And this shapes our witness, too and the ways we try to shape the world. Whenever a new outrage happens, there’s a host of people with phone numbers and scripts saying, “call your senators, call your representatives!” Or “We have to get this candidate into the White House, they’re our only hope!” Now we should care about who the most powerful person is the world is and I do think it’s a good thing to bug the crap out of every politician, but if that’s all we’ve got, if our only hope is that there’s a competent manager somewhere who can sort things out for us, then we’re admitting we’re powerless before we’ve even tried to exercise our power.
This is why I think it’s so important that our story this morning does not present Jesus as some kind of superhero. He is God in the flesh, but when God reveals who God is in the flesh, God doesn’t immediately swoop over our heads and fix everything for us. The majesty and beauty of the baptismal moment, of the divine voice speaking benediction and delight, flows directly into the calling of the disciples.
John tells the story of Jesus baptism, of this recognition that God’s very presence is embodied in our midst, and in that moment, Jesus walks by. And these guys, start following him. At first, we don’t even know these people’s names. They’re not people of status. No one had heard of them or their families. They’re just fishers, workers, who spend their days mending nets and then flinging them into the waters. They’re the kind of people who in superhero movies get buildings dropped on them in the background, who are basically invisible.
But these are the people who start following Jesus. Literally. Just following him down the road. And the storyteller says Jesus turned around and saw them. He saw them. He doesn’t ignore them, he doesn’t allow them to fade into the background while he goes to Jerusalem or Rome to work things out with the adults. He sees them. This is remarkable. There’s this saying that history is written by the winners: that in the history of the world most of what gets written down is chosen by the people who have the money to pay people to write things down. It’s only in the last hundred years that others have started trying to write people’s histories, asking what life was like for regular people. But here, in the Scriptures we read that this motley crew of nobodies comes to Jesus and he sees them. And he doesn’t just see them, he asks, “What are you looking for?” What do you see? And then he invites them to join him.
My friends, God sees you. The CEO might not see you, the boss might not see you, the men in charge might not see you, the collections agent might not see you, the person taking your report might not see you, that doctor might not see you, your parents might not see you, there are any number of powers and principalities in this world that want you to feel so so small that you cannot be seen, but the God who made everything out of nothing, for whom a thousand years is a day, and a mile a mite, God sees you! And not only does God see you, God wants to know what you see, God wants you to share your vision and your desires, your hurts and your pain, your hope and your love so that we all know we’re not invisible either.

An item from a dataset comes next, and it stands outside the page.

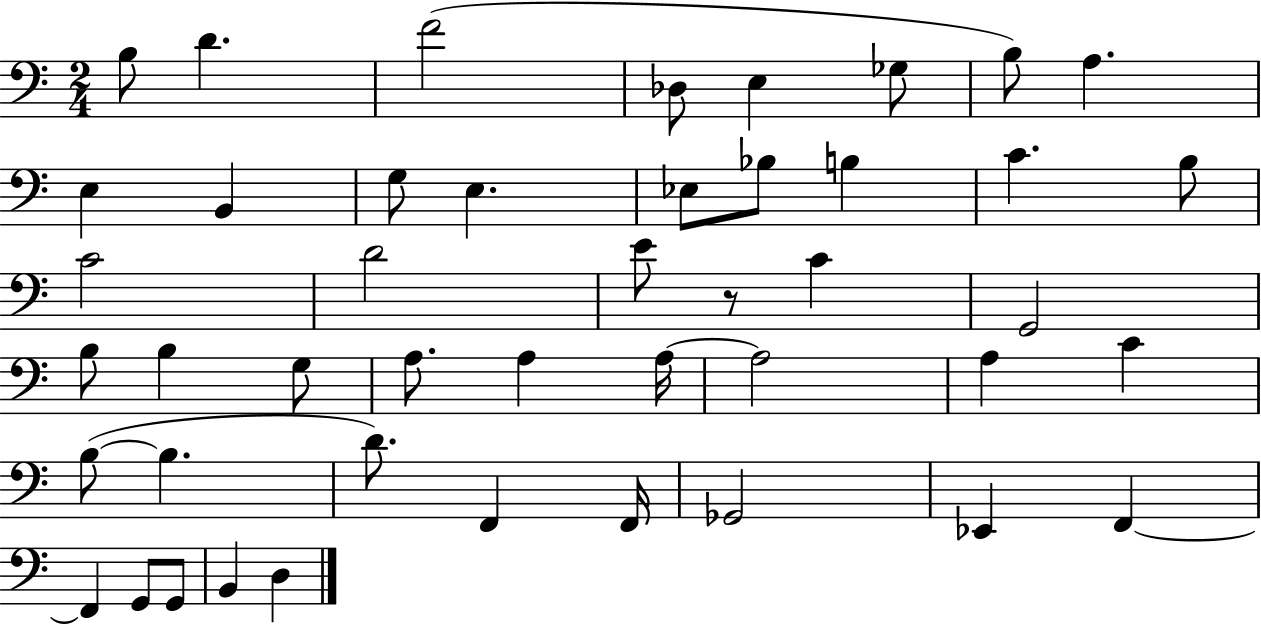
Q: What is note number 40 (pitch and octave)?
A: F2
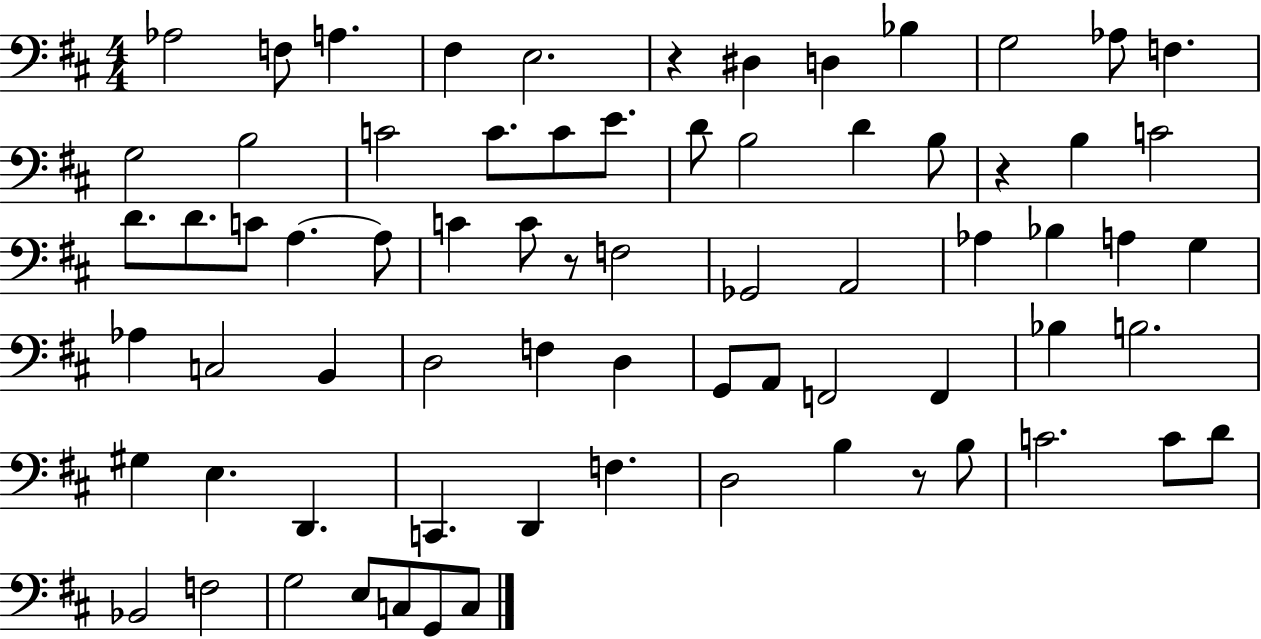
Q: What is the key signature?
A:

When Jesus reveals God in the flesh, the direct outpouring of that event is not heroism, it’s solidarity. It’s not someone bigger and stronger and just better doing what we can’t while we cheer him on.
God’s revelation is a carpenter calling to a bunch of fishermen saying, “Hey let’s walk together. What do you want to do?” Jesus is not a charismatic individual who casts a spell over the masses: “He has no stately form or majesty That we should look upon Him, Nor appearance that we should be attracted to Him.” He tells weird little stories that no one understands, he makes big messes in the Temple when people are trying to get ready for the holidays, he doesn’t argue for his righteousness when he’s on trial, he doesn’t win any battles, he gets crucified, and he doesn’t even put up a fight while he’s dying. Jesus doesn’t come to be a hero, which means you don’t have to be a hero either, and our life together, the future of the church, whatever, will not be secured by another charismatic white dude telling us all what to do because that’s not the kind of God that God is.
God is Jesus, who teaches us that we don’t need a hero, we just need each other because wherever two or more are gathered in Christ’s name God’s presence is already with us. And this is how God works: Jesus rises from the waters of baptism to call disciples just as he rises from the grave to breathe the Holy Spirit upon the church.
This is why at Jubilee we want to pay off each others debts and we want to support our members and our neighbors who are unionizing. It’s why we want to say not just “we see you” but “what do you think we should do?” to our LGBTQ+ members. If God is Jesus who is one with the Father and the Holy Spirit, and who comes as a worker to join us in our struggles, who pours the Holy Spirit upon creation, then we’re not going to be the church we want to be because of any charismatic leader—we will be that kind of church if we recognize that we all need each other and we all lean on each other to provide the kind of care that our world in so many way is not set up to give.
My friends, we don’t need a hero and we don’t have to be shamed by the ways we are not heroic—not smart enough, not strong enough, not able enough, not wealthy enough, not good enough. Our problems will not be solved by another Billy Graham or Superman or any one politician so long as our role in their work is just to go about our business. We worship the God who is revealed in our midst, and who within that revelation calls each and every one of us, looking each of us in the eyes and saying “You are the rock on which I will build my church. There’s no salvation for anyone if you’re not a part of it. So, what do you think we should do?” Amen.